* EXERCISE OBJECTIVE
The needed output is the run of lines below from the one containing "A multi-story building" through the one containing "a view of a room with furniture", copied exactly and free of pictures.
===== DATA EXTRACTS
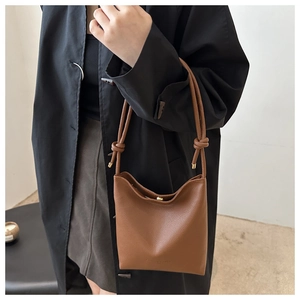 Close-up of caramel brown lychee leather phone bag with knot detail on shoulder strap
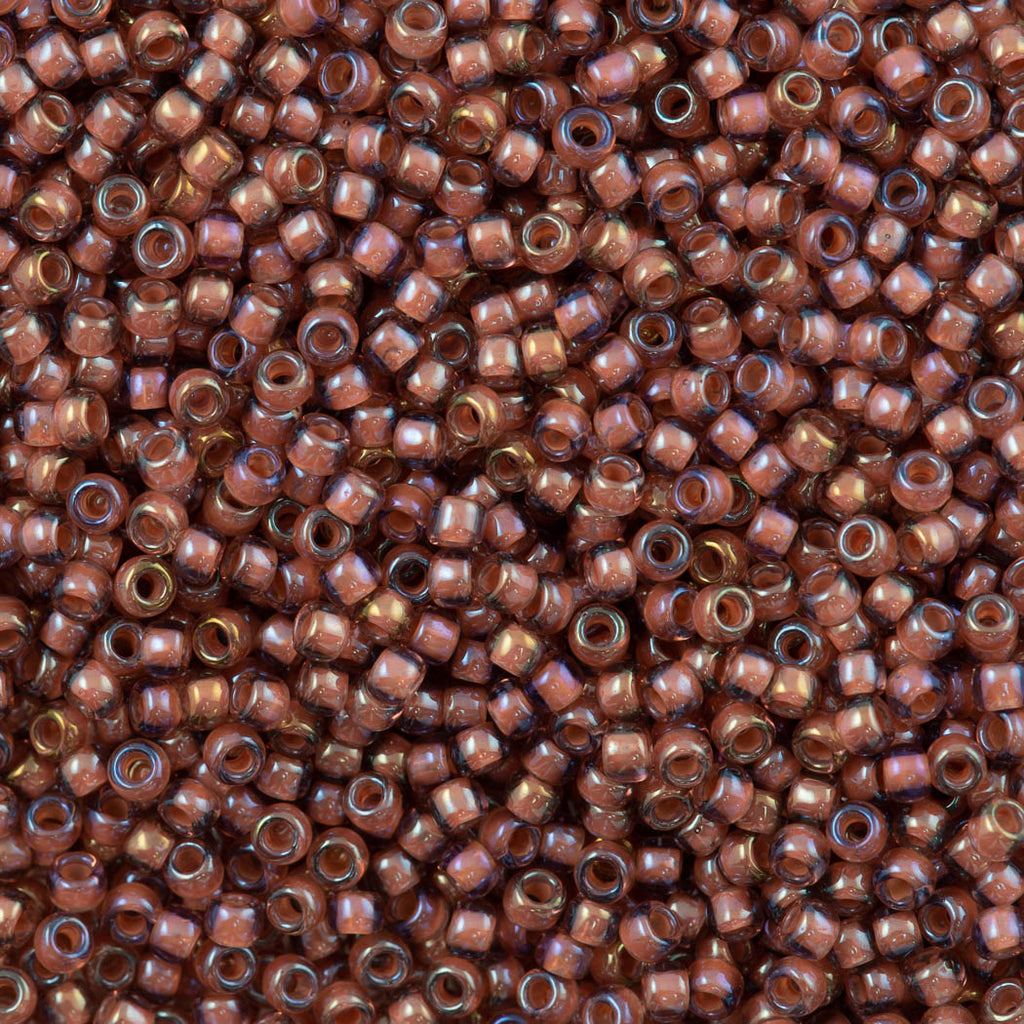 50g Toho Round Seed Bead 8/0 Inside Color Topaz Mauve Lined AB (1850)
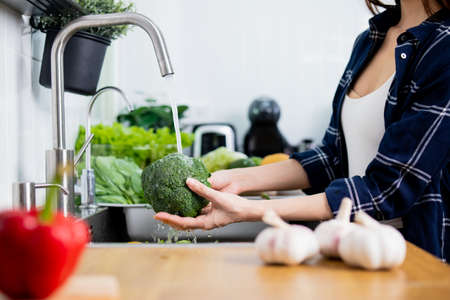 Close up Asian healthy woman washing vegetable above kitchen sink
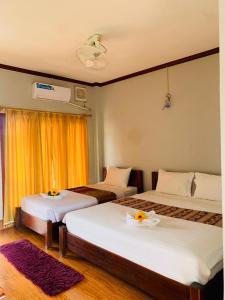 una camera d'albergo con due letti con fiori di Inthila Garden Guest House a Vang Vieng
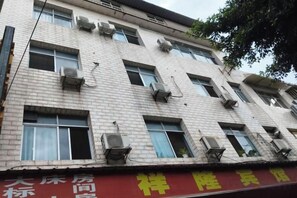 A multi-story building with multiple air conditioning units attached to the exterior. - Xiang Long Hotel (Guanghan)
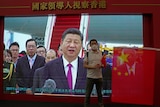 A visitor poses for a photograph in front of a TV showing Chinese president Xi Jinping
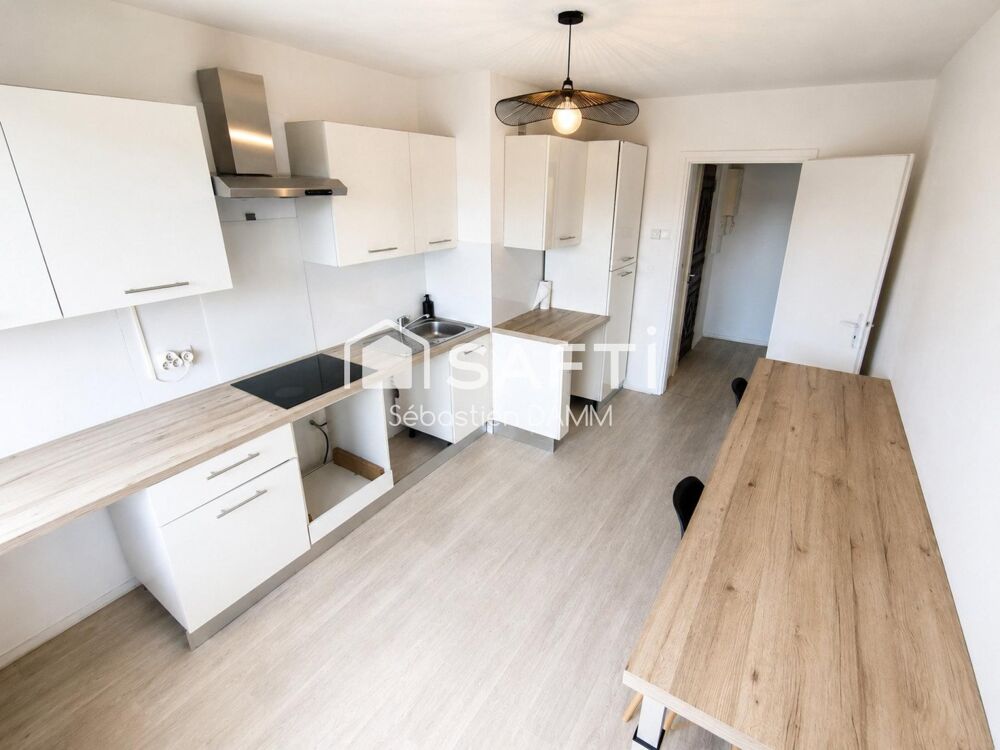 MULHOUSE  Appartement 3 pièces de 75 m²  Dernier étage avec ascenseur  2 balcons  Garage  Cave
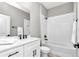 Bathroom with a single sink vanity, granite countertops, and a shower and bath tub at 406 Nw Narcissus Rd, Dunnellon, FL 34431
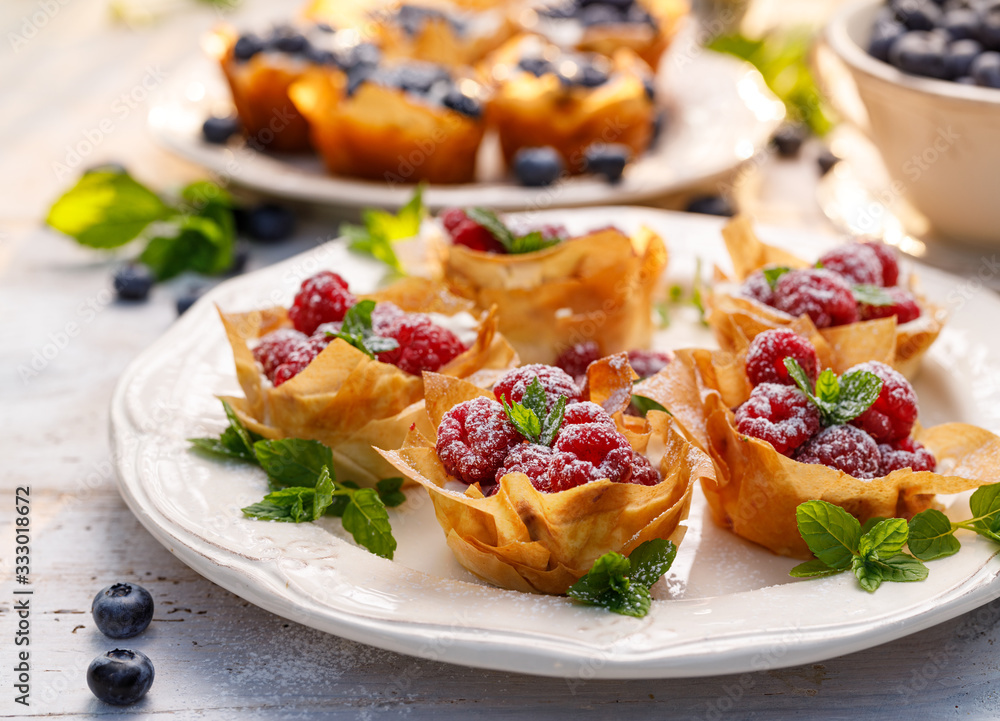 Phyllo cups with Mascarpone cheese filling topped with fresh raspberries and mint on a white plate, close up. Delicious filo pastry dessert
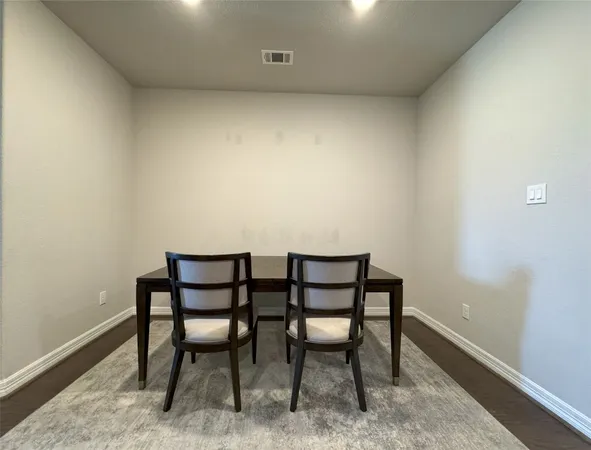 a view of a room with furniture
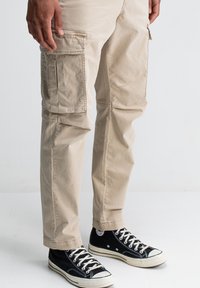 Man in beige cargobroek en zwarte hoge canvas sneakers staat op een lichte vloer met een effen achtergrond.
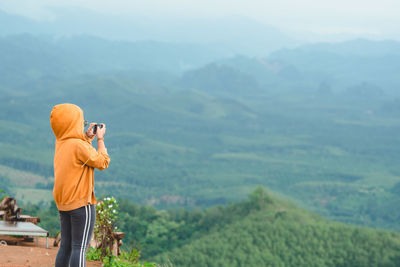 Woman tourist are using phone to take pictures of beautiful mountain scenery.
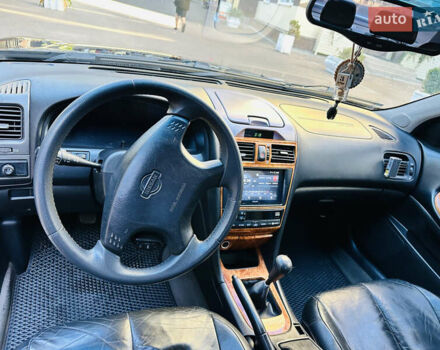 Черный Ниссан Максима, объемом двигателя 2 л и пробегом 197 тыс. км за 5400 $, фото 18 на Automoto.ua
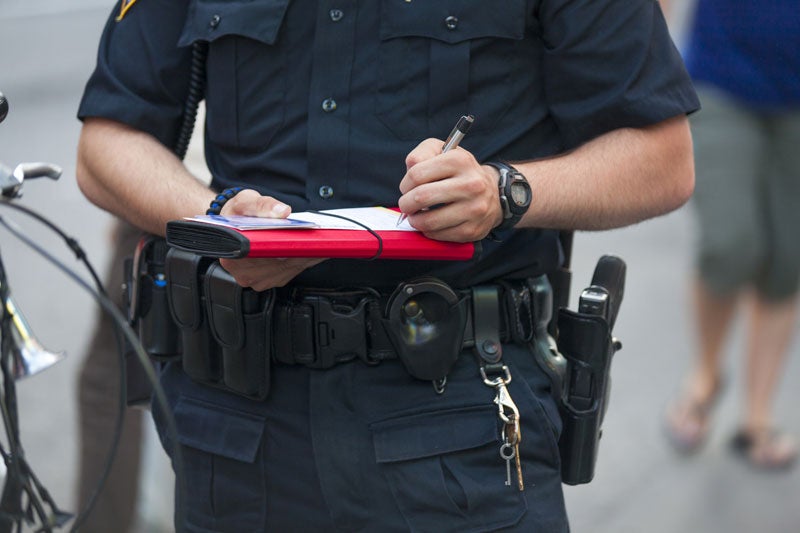officer writing ticket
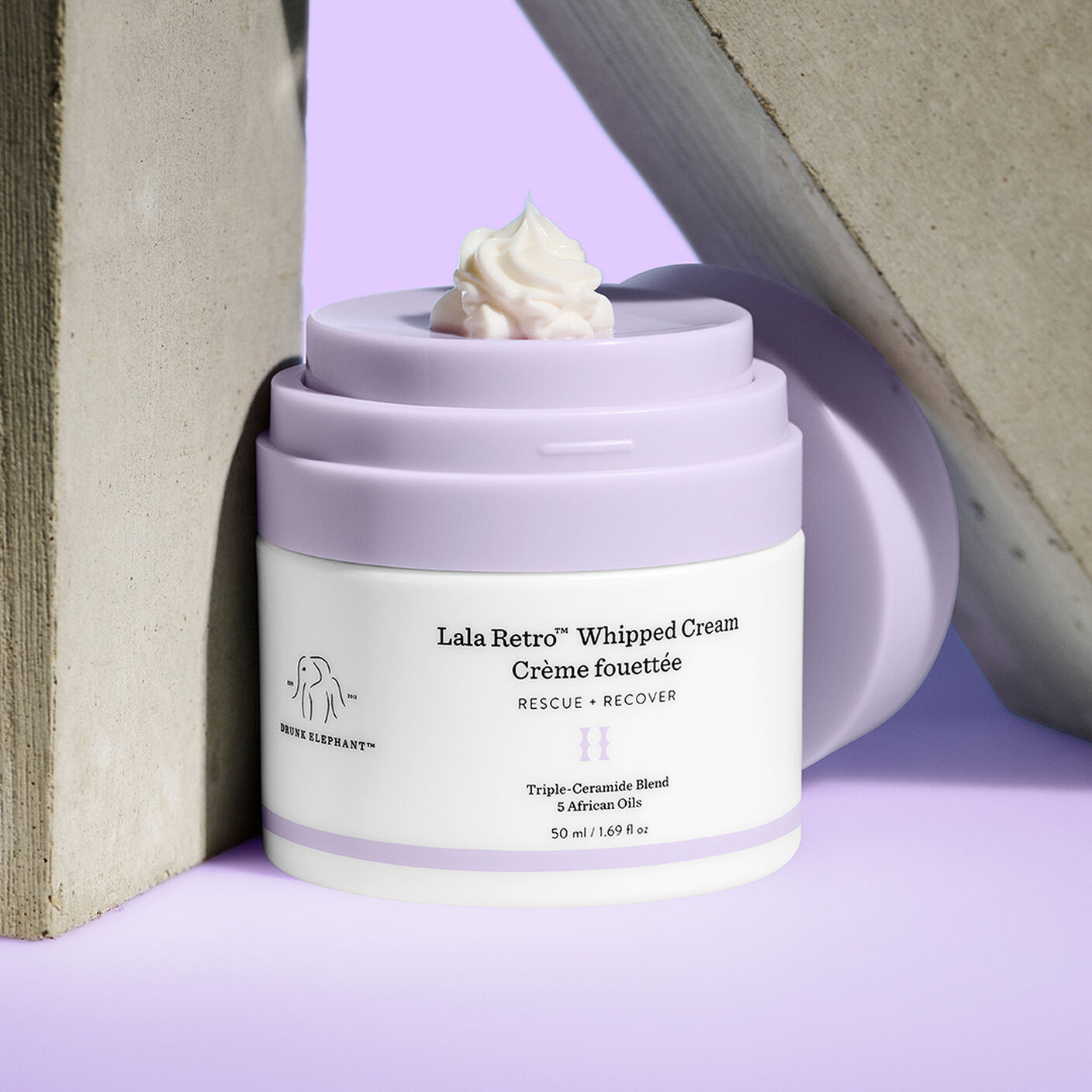 Lala cream with a pump of cream atop the container. 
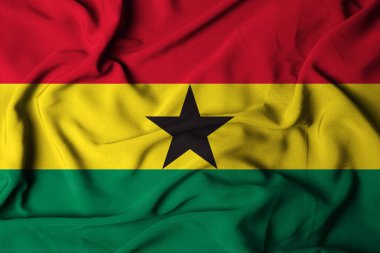 Gana bayrağının seçici odak noktası, dalgalı kumaş dokusuyla. 3B illüstrasyon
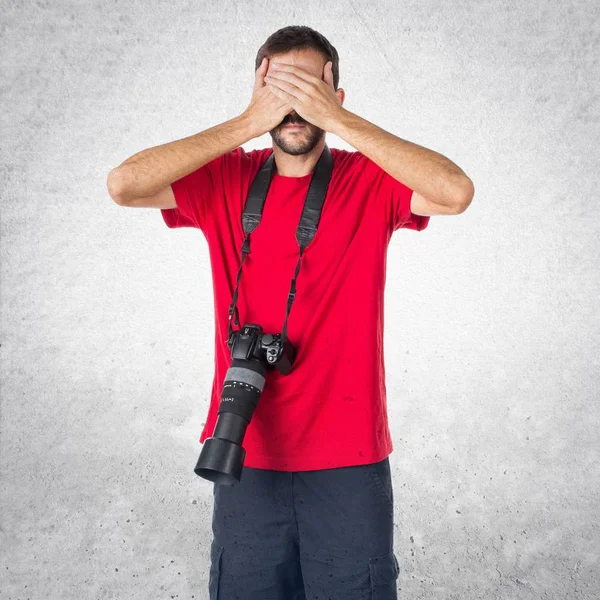 Photographer man covering his eyes — Stock Photo, Image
==========
* EXERCISE OUTPUT
 A multi-story building with multiple air conditioning units attached to the exterior. - Xiang Long Hotel (Guanghan)
 A visitor poses for a photograph in front of a TV showing Chinese president Xi Jinping
 MULHOUSE  Appartement 3 pièces de 75 m²  Dernier étage avec ascenseur  2 balcons  Garage  Cave
 Bathroom with a single sink vanity, granite countertops, and a shower and bath tub at 406 Nw Narcissus Rd, Dunnellon, FL 34431
 Phyllo cups with Mascarpone cheese filling topped with fresh raspberries and mint on a white plate, close up. Delicious filo pastry dessert
 a view of a room with furniture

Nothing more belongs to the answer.